Among Malaysian states, Sabah has taken the lead in driving both MSPO and RSPO certifications for the state. Sabah intends to use the MSPO standard to prepare the groundwork for RSPO jurisdictional certification, a process that may lead to more international recognition.
Under Sabah’s jurisdictional approach, certification goes beyond the standard production process by bringing together government, private sector and civil society to create partnerships at the state level. Scaling up will also allow Sabah to cover forest and watershed conservation beyond the palm oil plantation area, and to pitch itself to a growing green finance market.

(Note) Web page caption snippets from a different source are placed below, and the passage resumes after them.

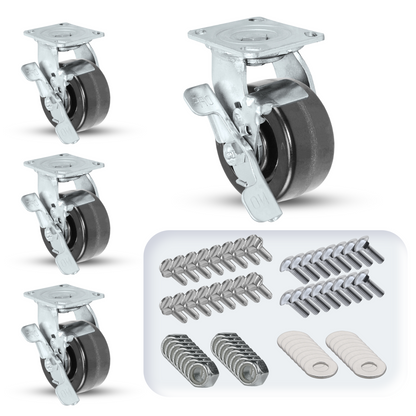 4" x 2" Phenolic Caster Set | 4 Swivels with Brakes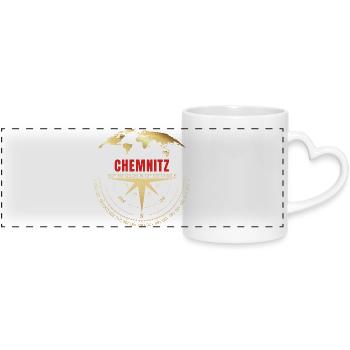 Koordinaten Chemnitz - Panoramatasse mit Herzhenkel - Weiß - Vorne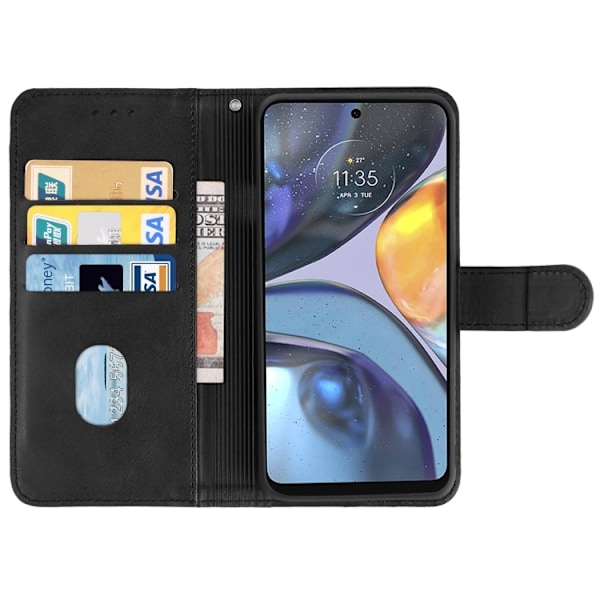 Motorola Moto G22 Fodral Läder Svart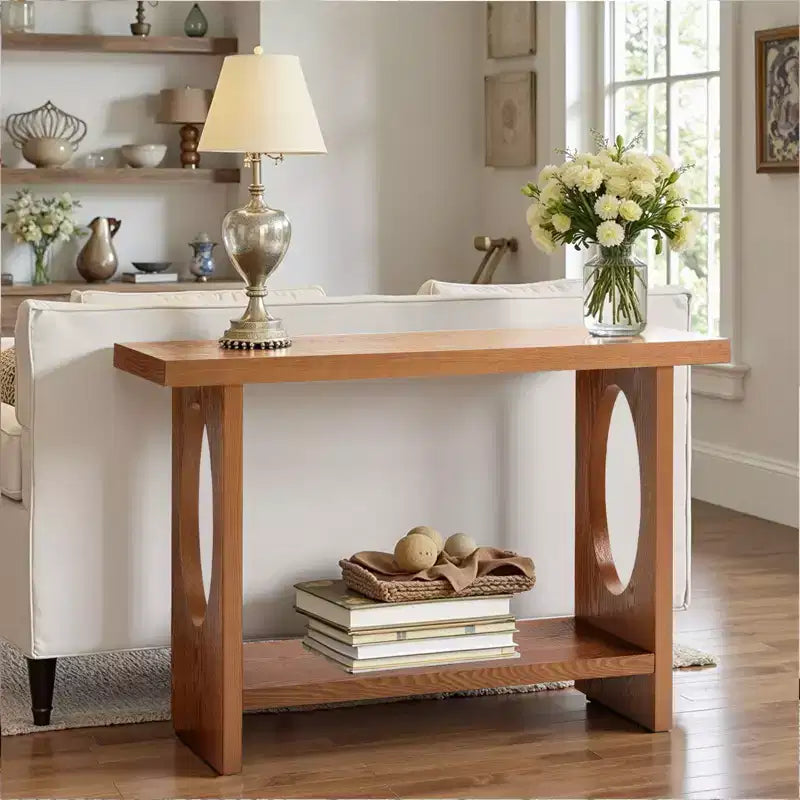 Bekrvio 47-Inch Farmhouse Wood Console Tables with Solid Wood Veneer - 2'' Thickened Tabletop, 2-Tier Narrow Sofa Table Behind Couch
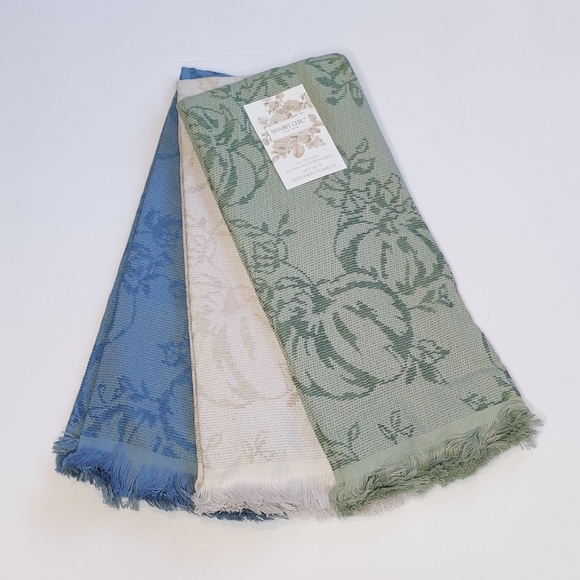 Shabby Chic Fall Pumpkins Kitchen Hand Towels Set Green, Blue and White - Picture 8 of 8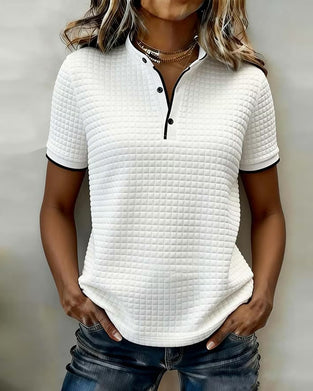 Haut Jersey Côtelé Boutonné Manches Courtes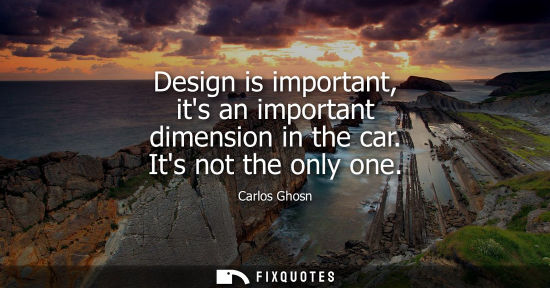 Small: Design is important, its an important dimension in the car. Its not the only one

The jurisdictional approach aims to align governments, businesses, NGOs and other stakeholders to the goal of conservation and sustainability. Sabah can look at all the issues with a multistakeholder approach, including capacity building for smallholders. It is impractical to expect medium-sized growers and smallholders to pursue certification independently — especially given high adjustment and verification costs.
Sabah’s efforts to produce palm oil outputs to RSPO standards are hoped to lead other Malaysian states to take up similar approaches. Sabah may be smaller than other key plantation states such as Sarawak, but it is still relevant enough to project influence.
Jurisdictional approaches to sustainable production are not without their challenges, particularly given the complexity of moving certification from a production process to the state level. But while a significant mindset shift is still needed, the overall policy direction gives confidence that progress is being made.
Eugene Mark is a PhD Candidate in the S Rajaratnam School of International Studies, Nanyang Technological University, Singapore.